We have great news --- it's OVER over there in California -- and the good guys won!!

Over the past decade, many of you have been following the story of the Medical Board of California (MBC) vs. Dr. Robert Sinaiko. Many of you have sent donations to the Medical Defense Fund of the Progress In Medicine Foundation to help Dr. Sinaiko pay for this fight -- in total more than $450,000 was raised and spent for his defense.

For those of you who are new, Dr. Sinaiko, who studied under our Dr. Ben Feingold, is an internist and immunologist of international renown, and is one of the medical advisors to the Feingold Association.

Beginning in 1993, Dr. Sinaiko was accused of "inappropriately treating" a child with ADHD -- he had recommended the Feingold diet, performed IgG allergy testing, and treated the child with antifungal medication for exposure to aspergillus mold. Meanwhile, as part of an ugly custody battle, the boy's father lodged a complaint against Dr. Sinaiko in an effort to disparage the mother's choice of doctor.

The MBC contacted other patients, searching for more information that could be used against him. They obtained three adult cases to use as "evidence." One of these patients had been treated for allergic fungal sinusitis, one had a serious mold allergy and chemical sensitivity, and one had chronic fatigue and a behavioral disorder. All of these patients had improved under the doctor's care, and none of them actually complained or testified at the hearings, but they allowed the MBC to read their records. The one with mold allergy, unfortunately, had left California and moved to another state where he became much more ill and committed suicide some years later. Amazingly, the MBC actually attempted to blame the suicide on Dr. Sinaiko.

Concerning the patients with chronic fatigue syndrome and multiple chemical sensitivity, Dr. Sinaiko was also accused of "treating a disease that did not exist" since the MBC insisted that these are not "real" disorders but only a psychiatric problem. (Multiple chemical sensitivity (MCS), also known as environmental illness, is a condition that typically comes about as the result of heavy chemical exposure.)

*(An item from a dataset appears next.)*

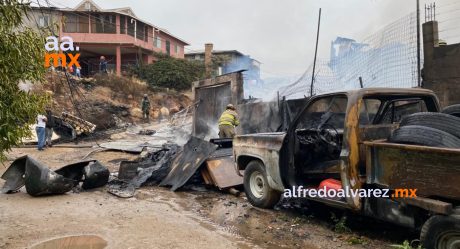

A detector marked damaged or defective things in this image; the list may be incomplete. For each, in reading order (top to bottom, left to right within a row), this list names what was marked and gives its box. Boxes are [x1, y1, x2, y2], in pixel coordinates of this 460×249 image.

The only person the MBC could find who actually DID complain about Dr. Sinaiko does not even exist -- but was a make-believe entity called "Samantha Simon."

The MBC has a long history of silencing physicians who use what is generally called "alternative" medicine. Most doctors just give up. Dr. Sinaiko, however, chose not to bow to the intense pressure and huge financial punishment the Board can, and did, dole out to him.

The case is well described and outlined in a cover article in the prestigious magazineMedical Economics and you can see the legal documents and history at The Progress in Medicine Foundation website.

The heart of the case is this: Does a doctor have the right to select a treatment for a patient -- when this treatment is supported by good medical research and scientific studies -- even if it is not generally a treatment used by other doctors in the area? The California Medical Board maintains that a doctor does not have the right to treat a patient according to emerging information found in medical research. The MBC calls such innovative treatment "outside the standard of care." Thus, the only treatments doctors would be allowed to use are those which are currently being used by other doctors. Even if a new treatment is clearly superior to the old methods, and is supported by good research, and is beneficial for the patient....it would be illegal for a doctor to use anything new.

As far as the care of children with ADHD, the MBC invented a "ladder of treatment" that would allow only drugs and psychotherapy. The ladder would start with drugs like Ritalin, Adderall, Concerta, and as the child went up the ladder, progressively stronger drugs would be added.

The case is shameful on many levels, not the least being the blatant lies and unethical practices on the part of the prosecution. The Medical Board and the office of the Attorney General used the money and resources of the citizens of California in an attempt to deprive them of some very basic rights. (This is easily verifiable when you read the legal papers.)

Well, after 12 long years, the doctors and patients won. But the road has been long and hard for Dr. Sinaiko.

The final success did not occur in the courtroom; rather, under orders from the Court of Appeals to hear the case again, the Medical Board, now composed of all new members, decided they had been wrong. They agreed to drop all charges against Dr. Sinaiko if he would just please agree not to sue them. (The change in the makeup of the MBC had come about when the fraudulent behavior of the old board became too obvious for Governor Davis to ignore. The individuals responsible for this entire fiasco, however, have never been disciplined.)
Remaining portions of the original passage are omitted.